On Saturday, December 19, 2020 at 1:05:55 PM UTC-5, Leon wrote:
On 12/19/2020 12:02 PM, Leon wrote:
On 12/18/2020 11:10 PM, Greg Guarino wrote:
It's been a while, but I have gotten some good advice here.

https://flic.kr/p/2kgvcD4

I'm recycling some 1.5" thick butcher-block style table top material
that I got for free. The piece was a weird shape, something like 15" x
84". I wanted to make it about 41"x26" for a small coffee table,
although I haven't decided yet what to put underneath the top.
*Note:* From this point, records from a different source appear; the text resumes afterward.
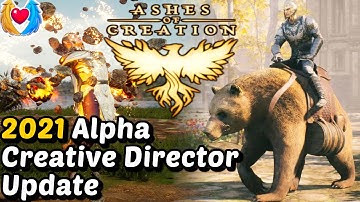 Ashes of Creation - January 2021 Update - MMORPG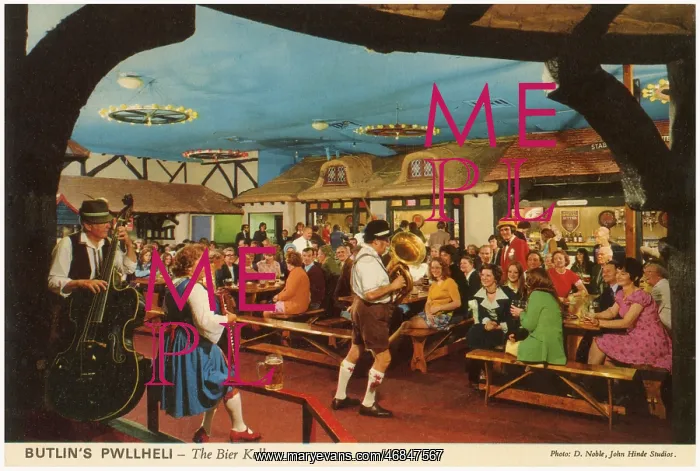 : Butlin's Pwllheli - the Bier Keller : Butlin's Pwllheli - the Bier Keller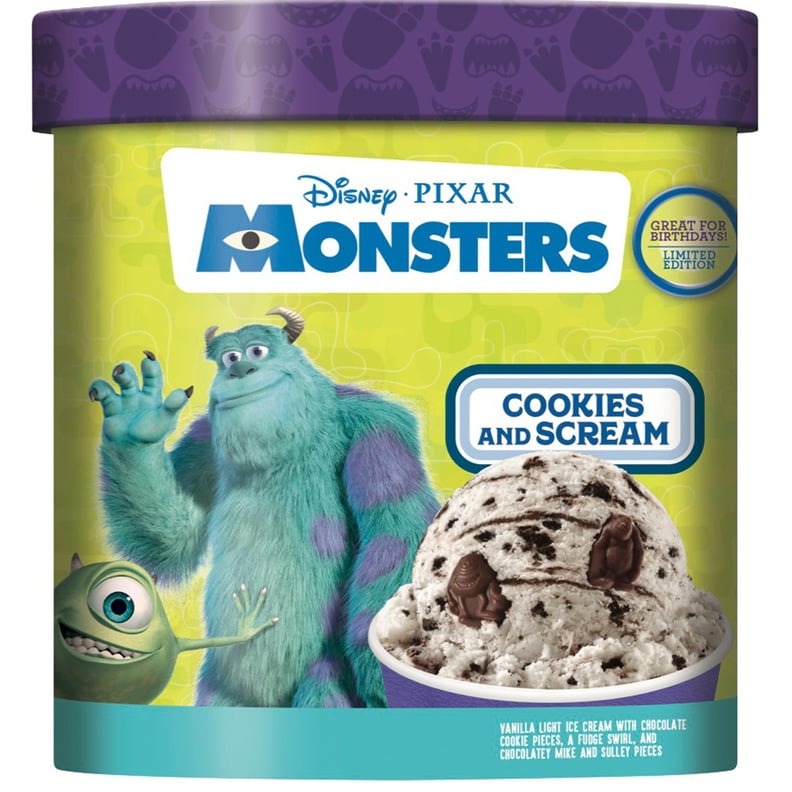 Disney and Pixar Monsters Inc. Cookies and Scream Ice Cream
I cut it in half lengthwise and then ripped it down with a circular
saw and straightedge. It was difficult due to a not-great saw, a
not-great blade and my not-great skills. I kind of butchered it, even
doing the cut in three passes, but I was expecting that. I "jointed"
the edge with a router, a straightedge and a straight bit, which
worked well.

Anyway, despite a heck of a lot of long-grain surface to glue, I
decided to use dowels to fasten the two pieces together. I figured
that - if nothing else - they would make the alignment easy and
nothing would slip when I put the clamps on. It worked well, but were
the dowels a waste of time, at least for strength?


Absolutely a waste of tome for strength.

Instead of dowels on something this massive, just put a clamp over the
joint on each end to insure that both halves are not slipping up or down
after you squeeze them together.


Thanks for the replies. I was happy not to have to worry about the alignment, but I suspected that the dowels were not needed for strength.